# Sleep and Dreams > General Dream Discussion > Nightmares and Recurring Dreams >  >  Feeling Real Pain in a Dream

## Tsimbo

Wondering how *usual* it is to feel actual pain in a dream, such as if in the dream, you are hit or shot, and feel the pain of the impact..

----------


## Portalboat

It's probably VERY normal, if you're just starting out. It's what your brain is used to.

----------


## Tsimbo

> It's probably VERY normal, if you're just starting out. It's what your brain is used to.



I have been dreaming vividly, some lucid, some *regular* all my life for as far back as I can remember (about age 3. I'm over age 50 now), but only in the last year or so have I begun to feel actual pain or actual nausea from anything happening in the dream. Before then, a brick could fall on my head in a dream and there was no feeling from it. 
I really do not WANT to feel anything physically like that.. The feeling of fear in a nightmare is bad enough, and generally wakes me up with severe coldness in my chest and abdomen area immediately upon awakening.

----------


## Invader

It's not a usual thing, at least not personally, but it can happen. Having been 
shot in the head (and chest) myself, I can tell you that I have felt no pain in 
that particular type of situation. If anything, your brain is likely interpreting the 
illusion as a much more real effect. This can be attributed either to an 
empathetic quality that you possess or to some other element that has been 
introduced into your recent dreams. Do they appear to be more vivid or 
convincing? Have you been having a harder time attaining lucidity of late?

----------


## OfficerFlake

Had this before. I was shot in the chest... Felt a pain like you would never beleive...

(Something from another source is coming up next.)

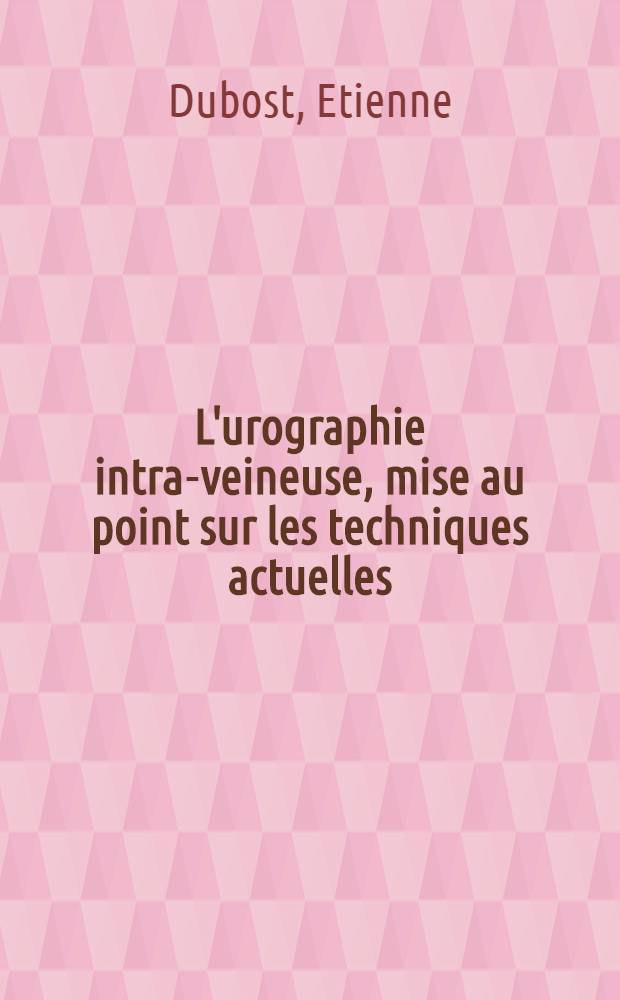 L'urographie intra-veineuse, mise au point sur les techniques actuelles : L'urographie par perfusion veineuse de liquide opaque : Thèse pour le doctorat en méd. (diplôme d'État)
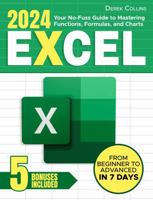 Excel: Your No-Fuss Guide to Mastering Functions, Formulas, and Charts: Step-by-Step Instructions and Expert Tips for Rapid Learning | From Beginner to Advanced in 7 Days 1961963140 Book Cover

Do yourselves a favour. DON'T get shot.  :wink2:

----------


## Soviet 89

I've felt pain during sleep that has actually been physical and woke me up, but I've never actually felt pain in my dream. One time I dreamt and felt like I could not stop being sick and it felt so, so real! Fortunately I haven't had a dream yet where I've been shot!  ::shock::

----------


## J.D.

Never had dream pain. And I was skinned once.  ::o:

----------


## Rebelution

All pain is subjective.

With this in mind, it should be pretty normal to feel pain in a dream.. since a dream is your current reality, and your brain treats it the same.

So just to reiterate OfficerFlake's point...don't get shot!

----------


## SleepyCookieDough

I've had a dream that was all about pain (not very painful one though). All I could see was my hand, it wasn't distorted; it was normal but then there was a flash of red and my pinky hurted. Then when it didn't hurt, there was another one for the finger beside it and it hurted again. It did that for each of my fingers and then my hold hand flashed red and it started hurting. I woke up still feeling the pain but it wasn't painful enough for me to cry (I was a kid). 

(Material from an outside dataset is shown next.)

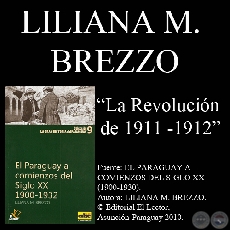 LA REVOLUCIÓN DE 1911 -1912 - Por LILIANA M. BREZZO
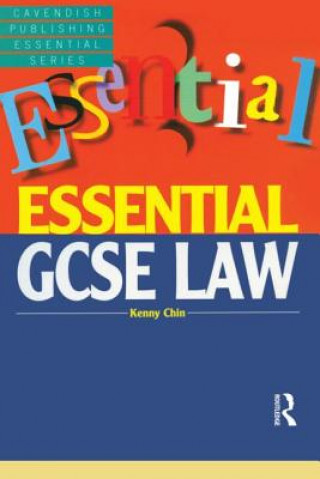 Carte Essential GCSE Law Kenny Chin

Once, I jumped from a high spot and my legs hurt very much, a bit like in real life but I never jumped from that high in real life so I wouldn't know if its exactly like that. It was an exagerated pain of what I useually get in real life for falling, legs first, from high places. I hate that sorta pain but I didn't get to suffer from it long since the dream changed. Then I jumped from the same height and knew I would hurt myself. Instead, I blacked out. 

It can happen (but rarely happens I guess)

----------


## Hijo de la Luna

> Wondering how *usual* it is to feel actual pain in a dream, such as if in the dream, you are hit or shot, and feel the pain of the impact..



I have had to sneak in & out of hell on multiple occasions & for many different reasons. Once I got caught by some of the guardians down there where the cut me & I could feel every bit of it as real as anything else.  It hurt really bad...  

So I'd say pain may not be common but it sure isn't as rare as you might think.

----------


## Banana

i got shot in the thigh twice during a bank robbing dream(i was the robber). it hurt quite badly and i could see all the detail in the wound and i could feel the bullets sitting inside my leg.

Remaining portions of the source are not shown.